--- Given information Enclosed Below ---
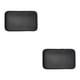 thumbnail image 4 of Riwesomey Car Leather Car Armrest Center Waterproof Auto Protection Pillow Box Accessory Universal Hand Interior Console Cover Pad Mat 2piezas, 4 of 6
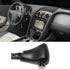 Shift Knob Handle Fit for Accord 2003-2006,Automatic Shifter Handle Lever Replacement 54130-SDA-A84ZB 54130-SDA-A51 Car...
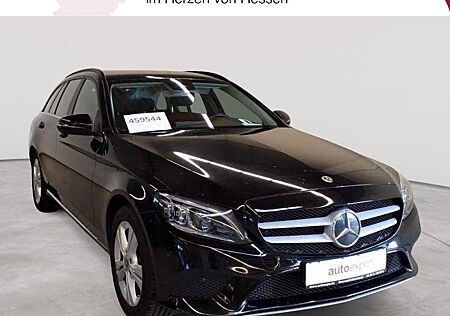 Mercedes-Benz C 220 d 4Matic T -BusiPL Beam StHz KomfP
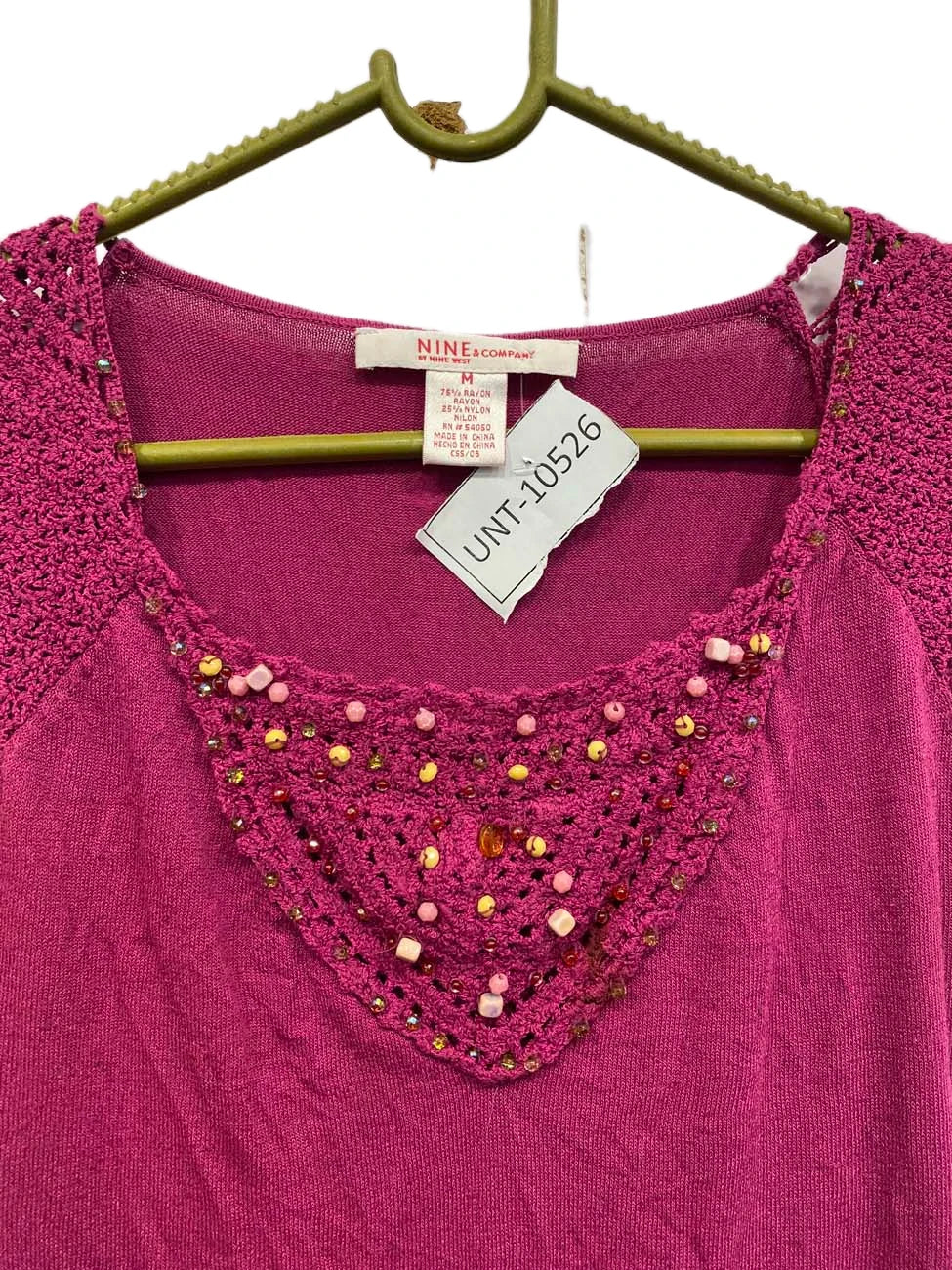 UNT-10526 ( Brand: NINE & COMPANY )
--- End of Enclosed Given information ---
Set down each line of the material exactly and skip every image.

 thumbnail image 4 of Riwesomey Car Leather Car Armrest Center Waterproof Auto Protection Pillow Box Accessory Universal Hand Interior Console Cover Pad Mat 2piezas, 4 of 6
 Shift Knob Handle Fit for Accord 2003-2006,Automatic Shifter Handle Lever Replacement 54130-SDA-A84ZB 54130-SDA-A51 Car...
 Mercedes-Benz C 220 d 4Matic T -BusiPL Beam StHz KomfP
 UNT-10526 ( Brand: NINE & COMPANY )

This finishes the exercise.